__inline prevents inlining

I had a lot of fun writing Bolin - Does it inline?

I was intentionally messing with the source to see if I can break the optimizer. In round 2 I notice adding the __inline keyword will make it NOT inline when it originally was (despite the noinline attribute).

__attribute__ ((noinline))
__inline int fn(int v) { return v*0; }
int main(int argc, char *argv[]) { return fn(123); }

The page mentions a few differences between clang and gcc. clang did quite a few optimizations that gcc didn’t do. One case that both failed was to inline a recursive fibonacci function when you pass it 0 and it starts with if(n == 0) return 0. Perhaps it’s difficult to optimize the case where a function shouldn’t optimize. If it’s easy to check the first (few) if statement it may improve a lot of code

First, and foremost, keyword inline has nothing to do with inlining. It is a way to tell the compiler/linker that it is not an error if the function has multiple definitions in different translation units (the definitions must be semantically identical). Gory details are here and here.

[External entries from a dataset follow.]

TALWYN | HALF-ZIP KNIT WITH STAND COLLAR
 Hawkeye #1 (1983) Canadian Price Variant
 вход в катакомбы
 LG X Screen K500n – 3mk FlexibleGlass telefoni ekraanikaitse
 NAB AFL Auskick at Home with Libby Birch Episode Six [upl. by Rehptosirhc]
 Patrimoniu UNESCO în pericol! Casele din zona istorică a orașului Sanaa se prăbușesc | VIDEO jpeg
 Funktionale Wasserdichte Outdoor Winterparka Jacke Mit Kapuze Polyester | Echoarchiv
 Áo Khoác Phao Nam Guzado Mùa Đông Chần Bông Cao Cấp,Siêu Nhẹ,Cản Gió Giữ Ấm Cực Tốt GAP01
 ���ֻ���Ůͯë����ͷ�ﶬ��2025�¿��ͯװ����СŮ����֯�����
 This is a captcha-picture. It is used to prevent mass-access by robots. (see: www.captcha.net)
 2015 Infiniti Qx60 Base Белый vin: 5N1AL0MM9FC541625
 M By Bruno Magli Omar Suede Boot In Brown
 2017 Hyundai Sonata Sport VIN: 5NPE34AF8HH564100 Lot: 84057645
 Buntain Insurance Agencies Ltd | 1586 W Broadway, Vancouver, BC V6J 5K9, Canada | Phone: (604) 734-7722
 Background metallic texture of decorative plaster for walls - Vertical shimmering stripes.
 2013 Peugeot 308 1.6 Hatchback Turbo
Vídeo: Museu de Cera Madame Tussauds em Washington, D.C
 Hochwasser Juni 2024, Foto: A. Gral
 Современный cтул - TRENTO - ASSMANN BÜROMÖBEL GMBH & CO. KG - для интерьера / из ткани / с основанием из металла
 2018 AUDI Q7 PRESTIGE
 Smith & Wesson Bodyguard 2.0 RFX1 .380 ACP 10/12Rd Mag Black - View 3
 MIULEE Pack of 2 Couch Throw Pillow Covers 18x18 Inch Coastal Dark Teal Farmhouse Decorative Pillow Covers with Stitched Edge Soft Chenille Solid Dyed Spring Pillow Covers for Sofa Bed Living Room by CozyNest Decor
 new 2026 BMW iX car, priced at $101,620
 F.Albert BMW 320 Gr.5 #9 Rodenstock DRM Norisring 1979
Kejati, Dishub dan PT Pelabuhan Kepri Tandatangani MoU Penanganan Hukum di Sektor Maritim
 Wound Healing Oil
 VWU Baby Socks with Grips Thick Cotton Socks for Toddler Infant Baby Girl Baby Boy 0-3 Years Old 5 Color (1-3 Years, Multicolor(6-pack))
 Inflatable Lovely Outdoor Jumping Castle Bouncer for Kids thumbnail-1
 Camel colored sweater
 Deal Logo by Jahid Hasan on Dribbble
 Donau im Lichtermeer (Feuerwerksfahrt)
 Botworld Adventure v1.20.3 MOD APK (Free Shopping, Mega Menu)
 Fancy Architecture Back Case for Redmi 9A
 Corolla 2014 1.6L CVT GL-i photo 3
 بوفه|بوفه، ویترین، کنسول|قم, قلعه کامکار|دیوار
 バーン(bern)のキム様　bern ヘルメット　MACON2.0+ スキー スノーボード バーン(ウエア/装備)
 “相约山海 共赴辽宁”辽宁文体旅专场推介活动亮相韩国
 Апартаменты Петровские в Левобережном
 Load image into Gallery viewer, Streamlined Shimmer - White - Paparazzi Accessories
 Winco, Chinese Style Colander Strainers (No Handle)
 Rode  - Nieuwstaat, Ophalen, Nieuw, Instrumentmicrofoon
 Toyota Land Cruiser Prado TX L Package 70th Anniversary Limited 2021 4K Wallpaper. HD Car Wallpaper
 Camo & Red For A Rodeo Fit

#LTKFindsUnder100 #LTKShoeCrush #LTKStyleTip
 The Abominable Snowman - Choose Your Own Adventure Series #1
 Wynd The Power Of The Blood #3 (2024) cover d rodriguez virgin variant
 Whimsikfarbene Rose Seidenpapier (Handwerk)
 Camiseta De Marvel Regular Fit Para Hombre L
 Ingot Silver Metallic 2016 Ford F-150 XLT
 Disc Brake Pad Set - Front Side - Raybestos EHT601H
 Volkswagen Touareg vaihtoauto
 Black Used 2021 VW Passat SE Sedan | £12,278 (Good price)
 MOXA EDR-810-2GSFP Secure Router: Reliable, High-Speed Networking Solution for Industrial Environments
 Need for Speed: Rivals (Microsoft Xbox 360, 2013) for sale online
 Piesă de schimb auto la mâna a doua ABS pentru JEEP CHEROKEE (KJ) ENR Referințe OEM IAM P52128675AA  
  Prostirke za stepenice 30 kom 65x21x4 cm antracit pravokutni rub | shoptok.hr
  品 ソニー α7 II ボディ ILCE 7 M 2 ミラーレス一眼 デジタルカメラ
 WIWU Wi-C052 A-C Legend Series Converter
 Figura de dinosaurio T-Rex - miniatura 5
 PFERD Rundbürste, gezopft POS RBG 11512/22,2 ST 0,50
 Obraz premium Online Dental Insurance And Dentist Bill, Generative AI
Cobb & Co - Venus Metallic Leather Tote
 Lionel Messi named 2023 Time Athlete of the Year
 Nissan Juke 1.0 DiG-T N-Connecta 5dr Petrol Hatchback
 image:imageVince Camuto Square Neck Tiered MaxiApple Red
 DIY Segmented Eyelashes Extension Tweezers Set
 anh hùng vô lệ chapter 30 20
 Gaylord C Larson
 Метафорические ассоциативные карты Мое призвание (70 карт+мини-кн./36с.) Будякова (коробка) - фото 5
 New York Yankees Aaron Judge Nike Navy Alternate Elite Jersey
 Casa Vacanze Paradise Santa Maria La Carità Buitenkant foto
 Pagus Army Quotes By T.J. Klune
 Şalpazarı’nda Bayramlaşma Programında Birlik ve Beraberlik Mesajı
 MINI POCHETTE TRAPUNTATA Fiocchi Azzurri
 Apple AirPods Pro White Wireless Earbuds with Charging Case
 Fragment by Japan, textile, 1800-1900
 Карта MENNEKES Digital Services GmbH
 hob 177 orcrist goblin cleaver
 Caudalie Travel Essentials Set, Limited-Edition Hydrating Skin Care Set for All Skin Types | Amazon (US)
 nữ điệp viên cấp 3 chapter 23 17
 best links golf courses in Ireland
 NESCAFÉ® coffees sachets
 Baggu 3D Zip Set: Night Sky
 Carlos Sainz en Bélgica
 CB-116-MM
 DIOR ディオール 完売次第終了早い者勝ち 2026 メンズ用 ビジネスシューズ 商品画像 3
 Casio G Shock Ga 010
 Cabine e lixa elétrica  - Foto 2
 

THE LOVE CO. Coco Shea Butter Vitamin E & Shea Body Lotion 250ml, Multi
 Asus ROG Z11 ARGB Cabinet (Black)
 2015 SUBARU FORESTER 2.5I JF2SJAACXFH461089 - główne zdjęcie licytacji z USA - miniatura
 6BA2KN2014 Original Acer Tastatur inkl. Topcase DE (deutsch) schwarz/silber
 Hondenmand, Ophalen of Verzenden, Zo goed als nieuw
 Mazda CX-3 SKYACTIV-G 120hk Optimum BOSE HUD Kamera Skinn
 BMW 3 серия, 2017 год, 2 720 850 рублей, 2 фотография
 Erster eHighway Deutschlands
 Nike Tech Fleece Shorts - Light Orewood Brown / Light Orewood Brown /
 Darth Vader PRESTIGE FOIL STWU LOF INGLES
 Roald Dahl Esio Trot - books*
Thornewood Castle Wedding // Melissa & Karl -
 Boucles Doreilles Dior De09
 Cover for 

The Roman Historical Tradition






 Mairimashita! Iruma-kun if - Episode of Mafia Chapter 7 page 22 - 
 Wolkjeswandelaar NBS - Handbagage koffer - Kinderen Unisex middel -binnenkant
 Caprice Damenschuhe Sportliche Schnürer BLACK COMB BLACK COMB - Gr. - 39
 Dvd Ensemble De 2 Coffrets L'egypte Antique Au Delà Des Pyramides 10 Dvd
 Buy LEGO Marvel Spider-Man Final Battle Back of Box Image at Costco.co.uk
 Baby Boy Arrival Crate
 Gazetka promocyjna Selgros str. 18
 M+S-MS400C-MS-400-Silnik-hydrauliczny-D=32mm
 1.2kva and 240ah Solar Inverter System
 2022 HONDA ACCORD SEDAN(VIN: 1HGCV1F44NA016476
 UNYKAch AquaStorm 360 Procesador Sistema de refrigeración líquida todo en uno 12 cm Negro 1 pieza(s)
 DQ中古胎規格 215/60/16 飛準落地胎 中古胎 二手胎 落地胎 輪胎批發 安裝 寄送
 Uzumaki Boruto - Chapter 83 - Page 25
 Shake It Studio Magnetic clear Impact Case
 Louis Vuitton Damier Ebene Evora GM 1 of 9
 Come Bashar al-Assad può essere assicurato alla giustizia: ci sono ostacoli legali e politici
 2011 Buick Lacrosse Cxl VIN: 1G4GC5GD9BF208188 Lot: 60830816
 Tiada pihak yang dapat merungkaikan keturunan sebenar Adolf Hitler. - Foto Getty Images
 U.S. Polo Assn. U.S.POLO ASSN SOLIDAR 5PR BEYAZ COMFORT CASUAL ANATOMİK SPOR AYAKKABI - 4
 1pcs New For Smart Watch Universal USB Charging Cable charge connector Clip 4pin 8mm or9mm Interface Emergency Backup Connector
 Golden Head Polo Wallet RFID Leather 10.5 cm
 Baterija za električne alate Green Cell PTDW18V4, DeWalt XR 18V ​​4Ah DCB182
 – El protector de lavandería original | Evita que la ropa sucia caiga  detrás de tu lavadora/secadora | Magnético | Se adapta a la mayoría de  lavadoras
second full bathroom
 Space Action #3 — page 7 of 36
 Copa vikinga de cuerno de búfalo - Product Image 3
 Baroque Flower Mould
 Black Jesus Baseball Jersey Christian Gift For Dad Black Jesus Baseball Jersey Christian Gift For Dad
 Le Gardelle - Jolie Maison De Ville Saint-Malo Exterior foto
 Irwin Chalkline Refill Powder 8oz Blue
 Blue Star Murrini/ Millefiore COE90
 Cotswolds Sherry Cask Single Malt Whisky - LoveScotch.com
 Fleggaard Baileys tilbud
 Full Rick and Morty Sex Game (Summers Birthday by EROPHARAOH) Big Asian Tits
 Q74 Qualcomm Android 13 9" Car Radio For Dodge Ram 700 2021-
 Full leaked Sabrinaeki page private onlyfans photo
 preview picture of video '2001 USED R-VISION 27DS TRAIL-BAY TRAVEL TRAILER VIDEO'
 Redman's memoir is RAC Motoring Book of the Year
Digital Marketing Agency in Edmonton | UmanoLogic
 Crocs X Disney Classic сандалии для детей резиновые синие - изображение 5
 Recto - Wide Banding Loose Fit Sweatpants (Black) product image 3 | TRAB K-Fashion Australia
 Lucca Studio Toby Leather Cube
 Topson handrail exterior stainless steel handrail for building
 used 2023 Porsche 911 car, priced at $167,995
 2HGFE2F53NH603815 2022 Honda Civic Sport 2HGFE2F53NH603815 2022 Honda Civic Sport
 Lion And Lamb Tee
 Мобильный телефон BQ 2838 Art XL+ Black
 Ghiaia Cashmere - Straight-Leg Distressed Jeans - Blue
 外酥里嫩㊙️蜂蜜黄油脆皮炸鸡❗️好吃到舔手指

Clang does not inline functions with noinline attribute. In your particular case it is interprocedural constant propagation that happened, and then the call was DCEd.
Clang does not propagate the return value into main if you add __inline, because the fn may have different body in a different module. See isDefinitionExact in GlobalValue.h.

1 Like

Language like this is directly contradictory to the community code of conduct. Please try to keep the tone constructive and avoid vulgarity (or initialisms containing vulgarity).

We treat noinline as program semantics and “inline” as hint (when it comes to inlining), so noinline will always win.

1 Like

Sorry. Didn’t sound rude to me, but my English is far from good.

Just to clarify so we’re all on the same page. The article I wrote and the title was just for laughs and I was trying to break the optimizer (I do both always_inline and noinline after that). I was surprised that __inline affected anything. I always thought that having a different body in another cu would cause undefined effects so it made no sense that __inline would prevent any optimizations from happening. gcc doesn’t seem to do ipa-cp when that function is marked inline. I don’t know if clang wants to copy them for consistency but that is one difference I noticed while writing the article.

I mostly posted so people who want to see clang results or check of consistently with gcc have an easy page to look at. Although it’s written for fun, not to compare.

What I think is a good optimization is… (The rest is a repeat of my OP after the code example) being able to peek at the first few instructions of a complex function to see if it starts with if (param == 0) return 0;. GCC doesn’t do this either. Many functions I write start with null and int range checks so it may prove beneficial.

I think it just does not like recursive functions. Returning immediately from a recursive function would mean the end of a recursion chain, which should happen at some nesting level instead of at the top level. If that happens immediately, this is likely to be a cold path and it is not worth optimizing it.
This particular case of ‘if (param == 0) return 0’ should’ve been handled by PartialInlining pass, but alas. I don’t know why it did not apply, but I’d suppose it didn’t happen because of low branch probability.